*What to produce*
Starting with the line that has "Dkny Flipflops Flat" and finishing with the line that has "Truck Head Mens", set down each line below exactly. Pictures are not copied.

Top of Extracted records

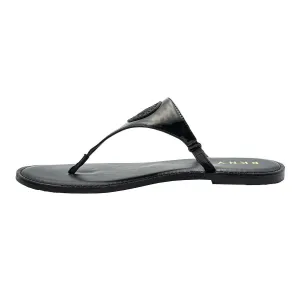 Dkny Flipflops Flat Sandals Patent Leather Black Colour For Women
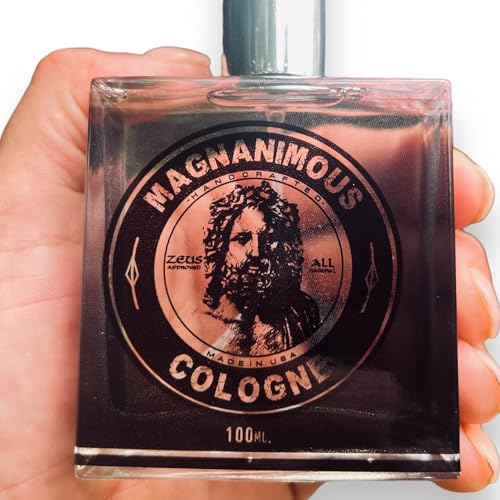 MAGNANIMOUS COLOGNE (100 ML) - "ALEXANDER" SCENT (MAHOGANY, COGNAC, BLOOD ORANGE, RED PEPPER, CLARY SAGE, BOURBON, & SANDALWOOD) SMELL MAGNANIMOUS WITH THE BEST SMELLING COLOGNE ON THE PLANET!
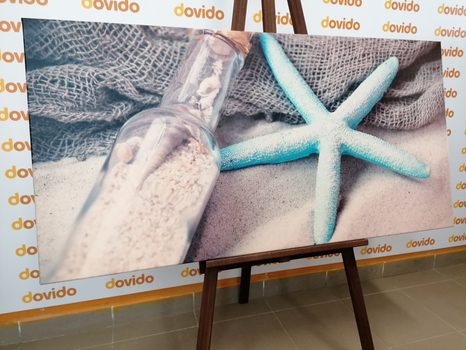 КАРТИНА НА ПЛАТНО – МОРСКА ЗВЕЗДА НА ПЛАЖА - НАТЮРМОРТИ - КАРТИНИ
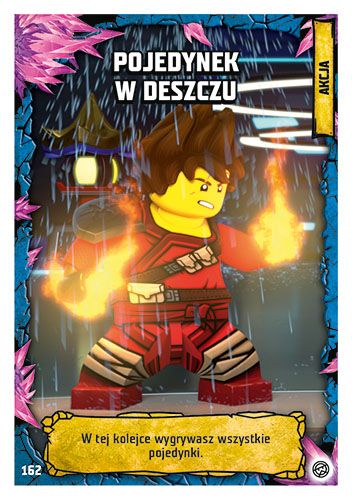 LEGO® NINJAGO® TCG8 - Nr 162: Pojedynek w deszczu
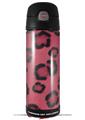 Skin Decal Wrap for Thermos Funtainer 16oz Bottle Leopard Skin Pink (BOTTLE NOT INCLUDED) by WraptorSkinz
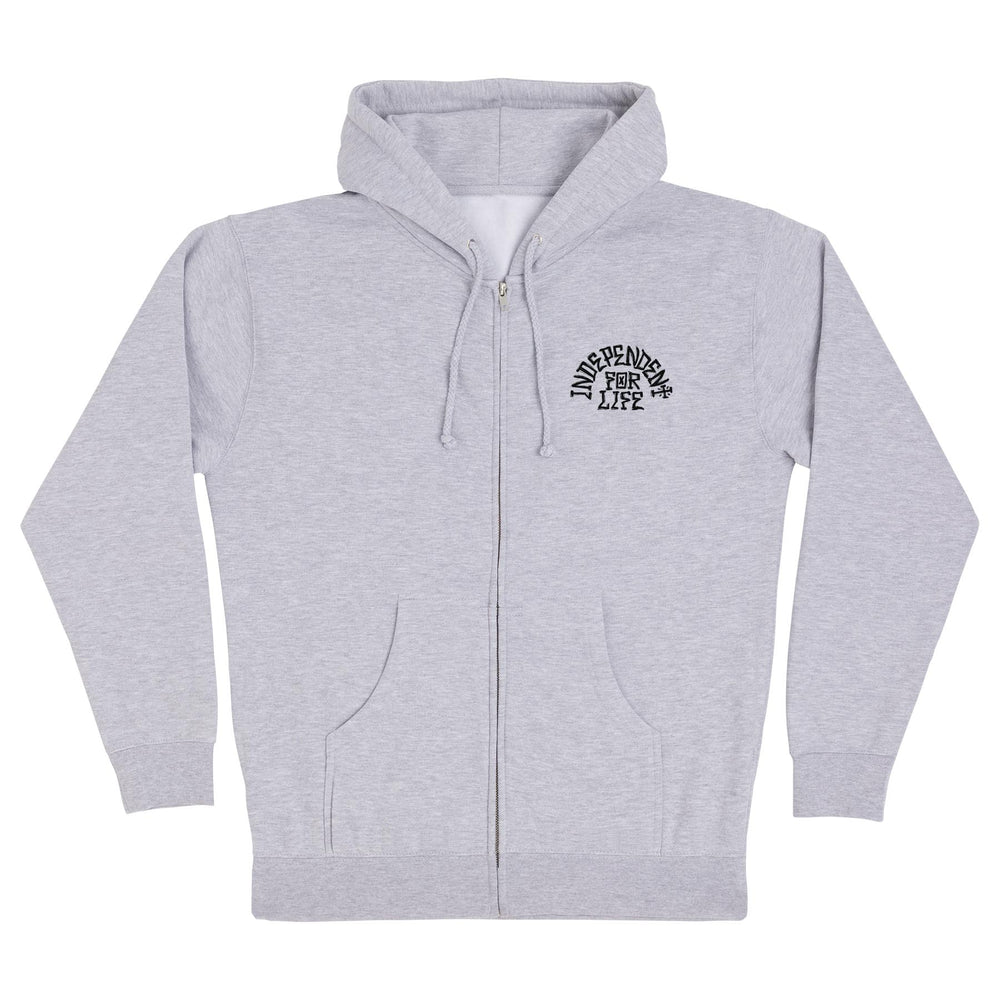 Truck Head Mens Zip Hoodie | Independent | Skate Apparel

Bottom of Extracted records
Top of Extracted records

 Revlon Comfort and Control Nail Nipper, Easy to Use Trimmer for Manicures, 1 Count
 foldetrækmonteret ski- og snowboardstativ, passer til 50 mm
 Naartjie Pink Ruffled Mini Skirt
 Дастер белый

Bottom of Extracted records

*Exercise answer*
 Dkny Flipflops Flat Sandals Patent Leather Black Colour For Women
 MAGNANIMOUS COLOGNE (100 ML) - "ALEXANDER" SCENT (MAHOGANY, COGNAC, BLOOD ORANGE, RED PEPPER, CLARY SAGE, BOURBON, & SANDALWOOD) SMELL MAGNANIMOUS WITH THE BEST SMELLING COLOGNE ON THE PLANET!
 КАРТИНА НА ПЛАТНО – МОРСКА ЗВЕЗДА НА ПЛАЖА - НАТЮРМОРТИ - КАРТИНИ
 LEGO® NINJAGO® TCG8 - Nr 162: Pojedynek w deszczu
 Skin Decal Wrap for Thermos Funtainer 16oz Bottle Leopard Skin Pink (BOTTLE NOT INCLUDED) by WraptorSkinz
 Truck Head Mens Zip Hoodie | Independent | Skate Apparel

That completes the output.